The AEMC sets the rules for the National Electricity Market (NEM) and provides independent expert energy advice to Australia’s State and Federal Governments. It is strongly focused on providing a framework for a secure electricity system and affordable electricity prices, particularly in light of current cost of living concerns.
An essential part of this work involves making rules to make sure that the power system remains secure in order to meet the needs of households and businesses over the coming years.
Frequency varies when the supply of electricity doesn’t exactly align with consumer demand. Uncontrolled changes in frequency can cause cascading blackouts.

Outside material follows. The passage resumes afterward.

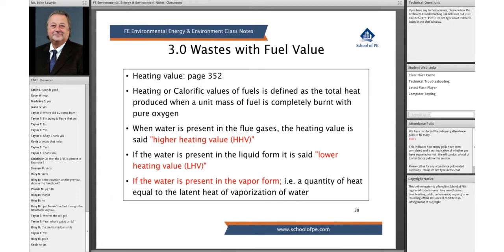What we're really talking about here essentially is all these different types. We did some simple examples. We're going to get this down a little bit further in our solid waste and air class. Higher heating value is referred to as HHV. That's basically a heating value set when there's water present in the fuel flue gases in liquid form.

Primary frequency response (PFR) refers to an automatic adjustment in the generation or consumption of electricity from a generator or load, triggered by changes in the system’s frequency. This response is becoming increasingly important as traditional thermal generators are progressively replaced by variable energy sources, such as wind, solar and batteries.
Pressure will continue to be placed on the electricity system as aging coal fired generation retires, creating the potential for security risks. The Commission has made a series of frequency related reforms over the past couple of years, including the introduction of two new fast frequency response markets, to mitigate these risks.
To build on these arrangements, the AEMC has made draft rules to require scheduled bidirectional batteries to provide PFR when:
- generating energy
- charging (except when solely powering auxiliary loads)
- providing a regulation service.
The Commission’s determination seeks to balance the security benefits against any incremental costs that battery operators may face in complying with these new obligations.
Importantly, the rule would not require batteries to provide PFR when idle or at rest and providing contingency services. The Commission is of the opinion that the costs to battery operators for providing PFR in these cases could outweigh the benefits to system security.
The Commission notes that batteries capable of providing continuous PFR when at rest may choose to do so. The draft rule is not intended to preclude or restrict the provision of PFR in this case. It also reflects that batteries are already sufficiently incentivised to voluntarily provide this service.